Sœur Josèphe nous laissait applaudir et nous faisait rentrer pour terminer le repas. Elle ressortait alors, avec les clés du bâtiment des marins, et nous les suivions du regard à travers les grandes fenêtres sans vitres, couple improbable et pourtant si aimant, si aimé : sœur Josèphe et Nhân, la mère et le père que nous rêvions tous d'avoir.
Plus tard dans la soirée, les hommes buvaient un peu. Pas trop. La boisson défendue sortait des sacs et des bardas. Petites fioles d'absinthe maison, hydromel bon marché pour les plus riches, bière pour les autres ; il fallait bien ça pour supporter la chaleur, le fleuve, les moustiques et la solitude.
Je me glissais quelquefois hors de mon lit pour aller les observer, sans me faire voir. Les plus vieux jouaient aux dominos, au mah-jong ou aux cartes, tandis que les plus jeunes racontaient des histoires.
De retour dans mon lit, j'entendais leurs chants et leurs rires jusque tard dans la nuit. Je m'endormais en rêvant qu'un jour, moi aussi je partirais.

Un jeudi, Nhân n'est pas venu.
Je voyais bien que sœur Josèphe attendait aussi. Ce soir-là, elle nous a fait dîner plus vite que les autres soirs. L'heure a passé, puis une autre. Les enfants n'ont rien remarqué. Mercredi, jeudi, quelle différence... La plupart d'entre nous, trop jeunes, ne connaissaient pas encore tous les jours de la semaine. Moi, je savais.
Un autre homme est venu chercher la clé.
Dans la soirée, je suis montée sur mon arbre pour attendre et attendre. J'entendais sœur Josèphe :
— Baô Tran ! Tu dois revenir ! Il est tard !
Sa voix était inquiète, mais je savais que sa crainte était pour Nhân.

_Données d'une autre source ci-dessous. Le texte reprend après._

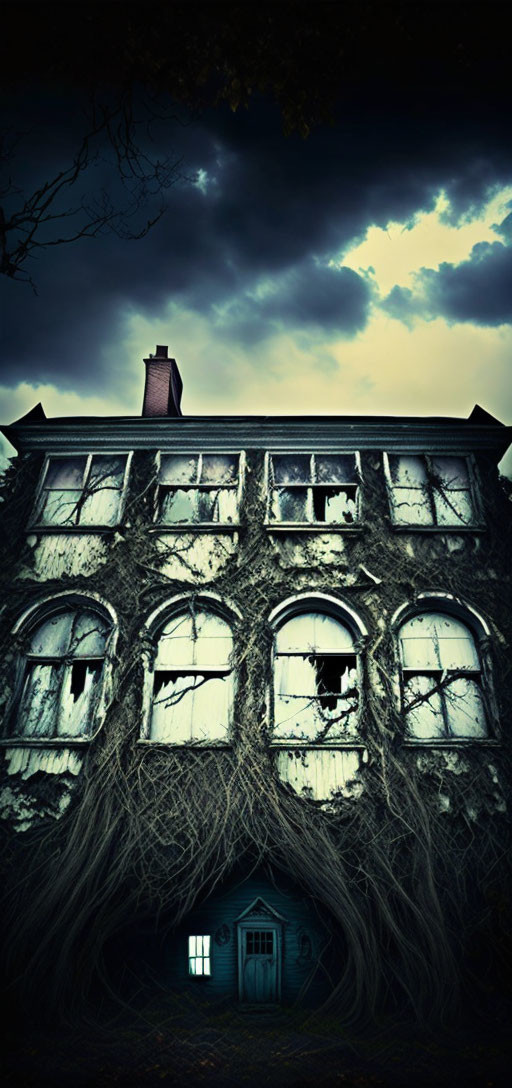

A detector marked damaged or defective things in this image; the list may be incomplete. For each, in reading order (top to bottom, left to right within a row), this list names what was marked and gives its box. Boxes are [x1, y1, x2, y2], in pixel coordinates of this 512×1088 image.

broken glass pane [161, 452, 199, 482]
broken glass pane [201, 452, 239, 482]
broken glass pane [272, 452, 312, 482]
broken glass pane [316, 452, 356, 482]
broken glass pane [272, 486, 308, 520]
broken glass pane [404, 676, 444, 744]
broken glass pane [442, 680, 486, 740]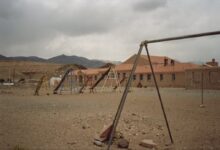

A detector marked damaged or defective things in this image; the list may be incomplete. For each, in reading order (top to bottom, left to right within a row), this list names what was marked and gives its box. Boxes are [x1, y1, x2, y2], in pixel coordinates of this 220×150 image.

rusty metal bar [107, 44, 144, 149]
rusty metal bar [144, 43, 174, 143]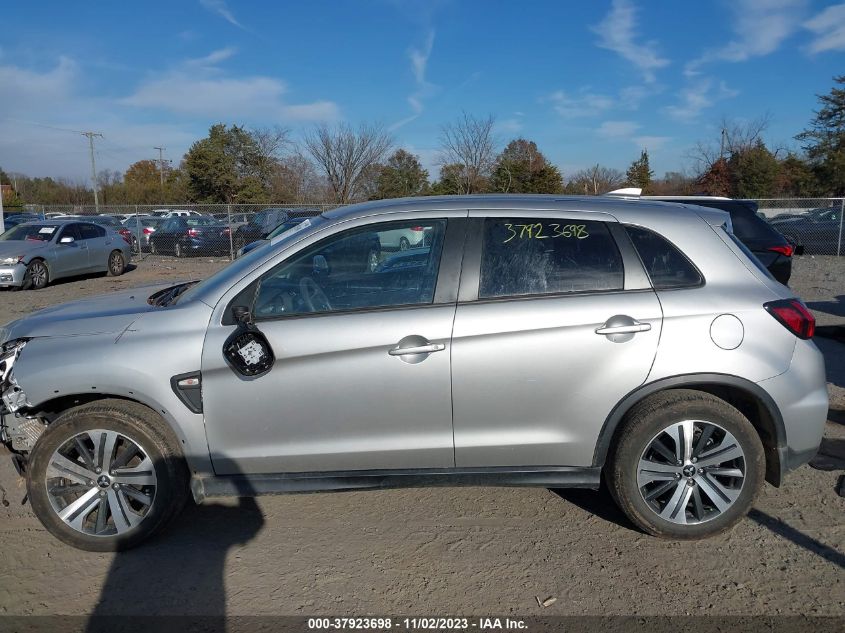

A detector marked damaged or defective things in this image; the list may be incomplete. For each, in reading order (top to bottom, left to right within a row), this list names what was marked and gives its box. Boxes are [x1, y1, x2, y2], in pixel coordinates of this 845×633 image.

damaged front bumper [0, 338, 42, 452]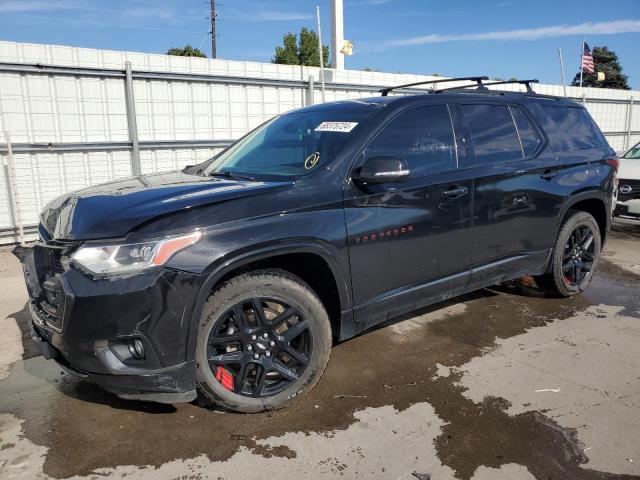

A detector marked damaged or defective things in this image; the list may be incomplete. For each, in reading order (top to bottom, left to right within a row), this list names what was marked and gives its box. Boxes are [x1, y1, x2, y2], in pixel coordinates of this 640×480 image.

damaged front bumper [13, 242, 205, 404]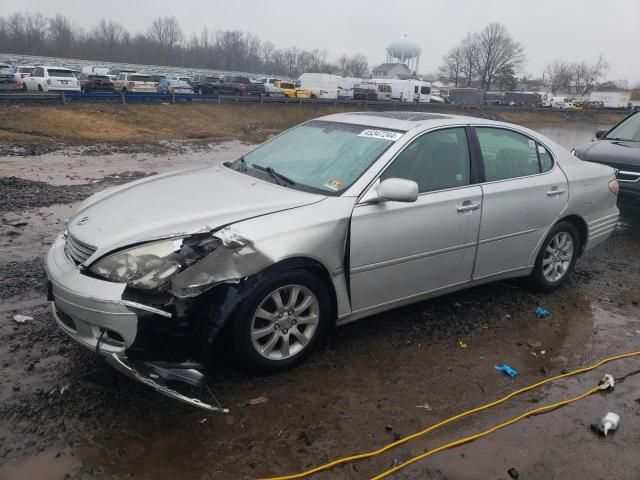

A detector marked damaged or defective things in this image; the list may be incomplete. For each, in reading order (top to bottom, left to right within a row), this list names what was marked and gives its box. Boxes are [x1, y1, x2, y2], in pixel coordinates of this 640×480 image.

crumpled hood [576, 139, 640, 169]
crumpled hood [69, 165, 324, 258]
damaged front bumper [43, 235, 228, 412]
broken plastic piece on ground [107, 352, 230, 412]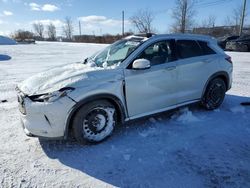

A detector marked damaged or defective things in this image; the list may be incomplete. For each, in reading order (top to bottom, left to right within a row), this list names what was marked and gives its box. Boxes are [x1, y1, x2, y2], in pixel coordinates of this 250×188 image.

Il s'est mis à pleuvoir. Je l'ai vue courir sous la pluie vers le bâtiment des hommes pour revenir quelques minutes après. Elle a hésité un moment et elle est montée vers moi, dans le sentier boueux qui salissait tout le bas de sa robe. De mon abri de fortune, fait de feuilles de palmes, sur ma branche, je la voyais venir, essayant mentalement de lui ordonner de repartir.
— Baô Tran ?
Elle m'a tendu la main et je l'ai aidée à monter. Elle s'est assise sur la branche et m'a entourée de ses bras maternels... J'ai risqué un regard vers le sien. Était-ce la pluie ?
— Il ne viendra plus ?
— Non.
La tempe appuyée sur sa poitrine, j'entendais son cœur qui battait à tout rompre.
Le fleuve coulait devant nous, impassible.